Le confinement accroît l’attractivité des réseaux sociaux. Mais peuvent-ils être utilisés dans le cadre de l’enseignement ? Oui, à condition de s’entourer des plus grandes précautions.

Face à la crise sanitaire qui prive en partie la jeunesse française d’une instruction républicaine, les outils numériques deviennent incontournables. Selon notre dernière étude, 59 % des enseignants présents sur Twitter ont mentionné un outil utilisé pour l’école à distance. Mais qu’est-ce que ces nouveaux usages impliquent pour la communauté enseignante ? Nous avons posé la question à L’Autonome de Solidarité Laïque (L’ASL), une association qui a pour but de protéger les personnels de l’éducation et prévenir les risques de leurs métiers. Cette action prend notamment la forme d’un partenariat avec la MAIF pour assurer les membres de la communauté éducative dans l’exercice de leur profession.

Un enseignant peut-il utiliser les réseaux sociaux pour faciliter le déroulé des cours ?

Réponse de Sylvie Guyot, secrétaire générale de L’ASL :

Bien entendu le numérique est un outil qui s’est avéré indispensable à la mise en œuvre de la continuité du lien entre les enseignants et leurs élèves. Mais, les risques sont effet très nombreux, notamment dans la mise en place qu’il a fallu mettre en œuvre dans des délais très courts compte tenu des circonstances et qui a conduit nombre d’entre eux à utiliser des outils non fournis et recommandés par l’institution. Il n’est jamais totalement possible de s’assurer de la protection de ses données avec l’usage de réseaux sociaux non contrôlés et à usage de tout public.
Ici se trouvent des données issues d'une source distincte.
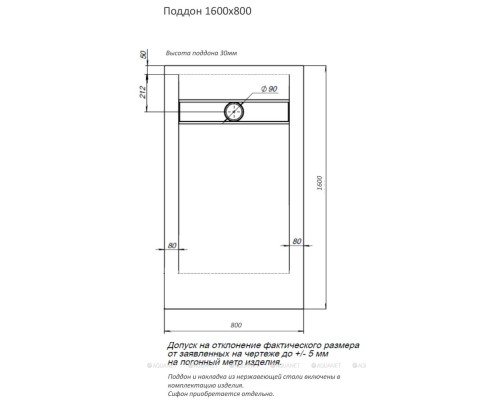 Душевой поддон Aquanet Delight 160x80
Oui, il est sans doute possible d’assurer la continuité pédagogique par l’usage du numérique, mais il est indispensable de développer un numérique responsable et souverain.

En ce sens, Il faut pouvoir fournir un numérique dédié, avec un code de conduite pour tous, enseignants, élèves et familles, en renforçant la dimension éthique. Et puis, il est nécessaire de cadrer l’enseignement à distance dans le temps, dans la relation avec les élèves, avec les parents. C’est indispensable pour pouvoir apporter un cadre sécuritaire de travail aux enseignements à distance, pour l’ensemble de la communauté. C’est ce que L’ASL a d’ailleurs porté aux Etats Généraux du Numérique dans l’atelier auquel nous avons participé.
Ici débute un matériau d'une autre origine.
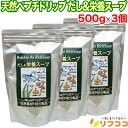 【最強配送商品】【楽天ポイント常時2倍】天然ペプチドリップ だし&栄養スープ 500g×3個セット 千年前の食品舎 無添加 粉末 天然素材 だし&栄養スープ ペ...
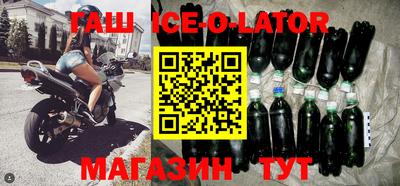 первитин Апрелевка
Les outils numériques deviennent incontournables.

Peut-on parler d’une aggravation globale des incidents liés au numérique ?

Réponse de Vincent Bouba, président de L’ASL :

Dans les dossiers liés aux risques numériques que L’ASL traite, nous constatons une évolution au fil des années. Si le nombre de dossiers ont été en augmentation au début des années 2000, nous notons à présent une relative stabilité (autour de 300 dossiers par an). Cependant, cette stabilité ne dit rien sur la gravité des situations que nous pouvons rencontrer.

La raison de l’augmentation des années 2000 peut être que l’outil numérique était mieux maîtrisé par les élèves que par les enseignants car c’était un outil naissant. A présent, avec le renouvellement des générations, du développement des pratiques numériques… les personnels sont certainement plus à même de mieux gérer ces espaces virtuels, mais qui ont bien des incidences et impacts dans la vie réelle et donc à l’école.

Les dossiers traités sont souvent liés à des propos tenus par des parents d’élèves, par des élèves.

Nous sommes ainsi passés d’un usage débridé d’un nouvel outil (envois de mails désobligeants, mises en ligne de blogs sous couvert d’anonymat…) à des attitudes plus violentes (diffusions de photos de classe, vidéos en live de scènes de classe, déchainements d’insultes sur Facebook, usurpations d’identité de l’enseignant, prises de photographies de la cour de récréation pour tenter de démontrer un défaut de surveillance…).

La protection des données personnelles est par ailleurs au centre des réflexions.

Comment réagir lorsqu’un élève contacte un enseignant sur les réseaux sociaux ?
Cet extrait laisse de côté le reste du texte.